In reviewing the first film in Louis Feuillade's five-part Fantômas series of 1913 and 1914, Fantômas - In the Shadow of the Guillotine, I rather snottily compared to Iron Man 3 as being "a critic-proof, and essentially quality-proof opportunity for filmgoers to spend time with a character they already knew they loved". And of course that comparison was appealing chiefly because Iron Man 3 happened to have come out so very close the the exact 100-year anniversary of the debut of the Fantômas serials, because there's actually a much better point of comparison among modern gigantic popcorn blockbusters: Harry Potter and the Sorcerer's Stone and its seven sequels. Namely, we have here an adaptation of an indescribably popular piece of genre fiction that trades on the love the audience already has for the characters and stories so fully that the movie version is able to cheat a little bit and leave at least some of the plot offscreen, trusting the viewer to already know what's going on. That's obviously a little bit awkward a century after the book's popularity has run its course.

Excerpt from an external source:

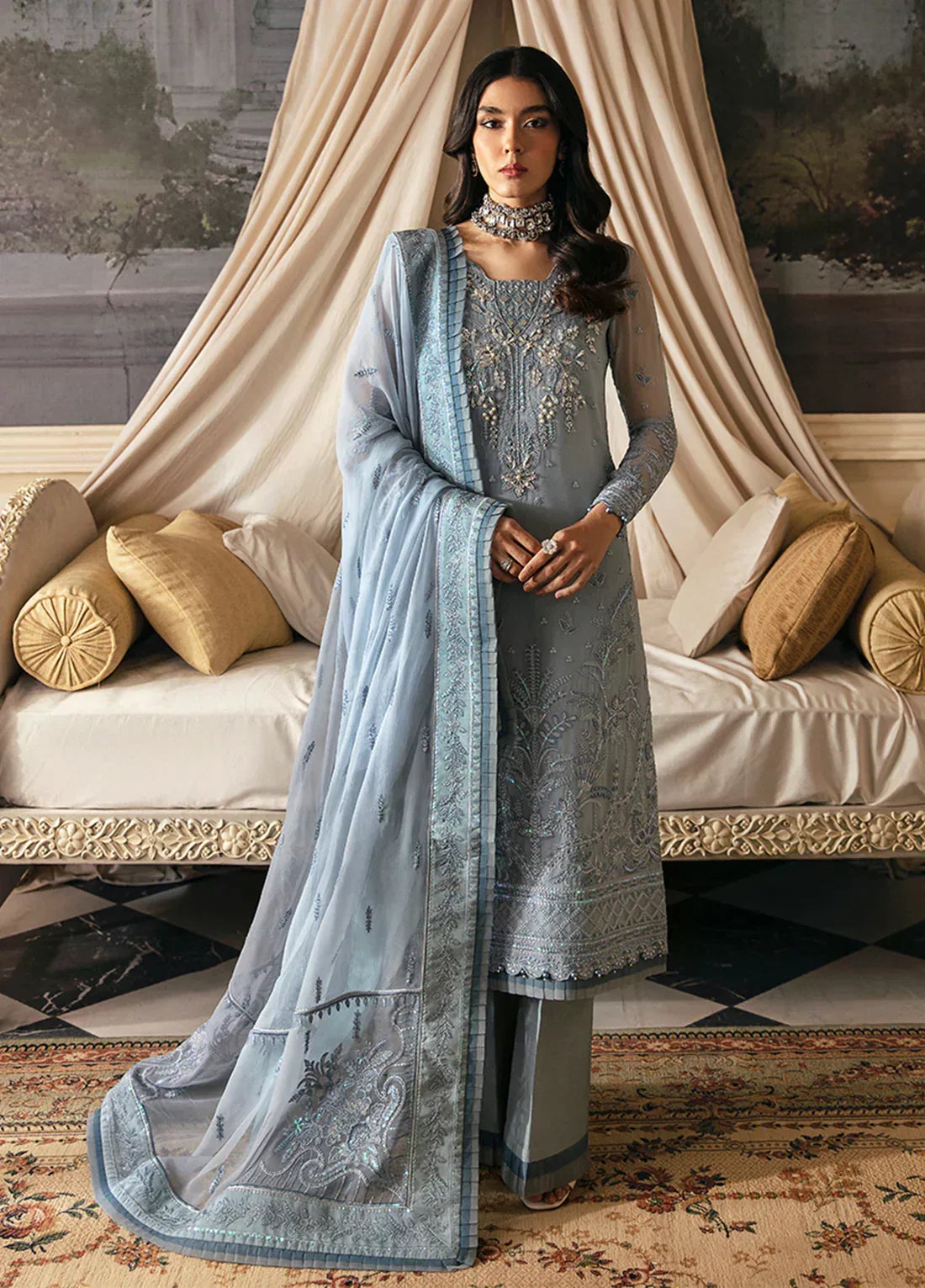 Gulaal | Embroidered Chiffon 23 | Zuria - Rang-e-Khaas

I bring this up now, in the context of the second film in the series, Juve vs. Fantômas, because it ends up being, in perfect honesty, a bit of a shambles, plot-wise. Not that In the Shadow of the Guillotine was free of weird plot holes, it's just that they announce themselves a bit more pridefully in the sequel, which starts out already behind, as it were, and is immediately forced to play catch-up a bit (I should admit, I haven't read a single one of the novels, and I have no reason to believe that the missing plot in the films actually exists on the page). The first film had ended with Fantômas (René Navarre) and his mistress, Lady Beltham (Renée Carl) having successfully staged a prison break that nearly ended with the death of an innocent man; the second film opens with Lady Beltham having been crushed to death, though the intrepid police inspector Juve (Edmond Bréon) rather doubts this. And of course she hasn't been killed at all, though why exactly her death was faked (presumably by Fantômas himself), and at which point the two of them split up (as revealed in the third of the feature's four chapters), are details that Feuillade doesn't consider interesting enough to grace with even the vague implication of an answer.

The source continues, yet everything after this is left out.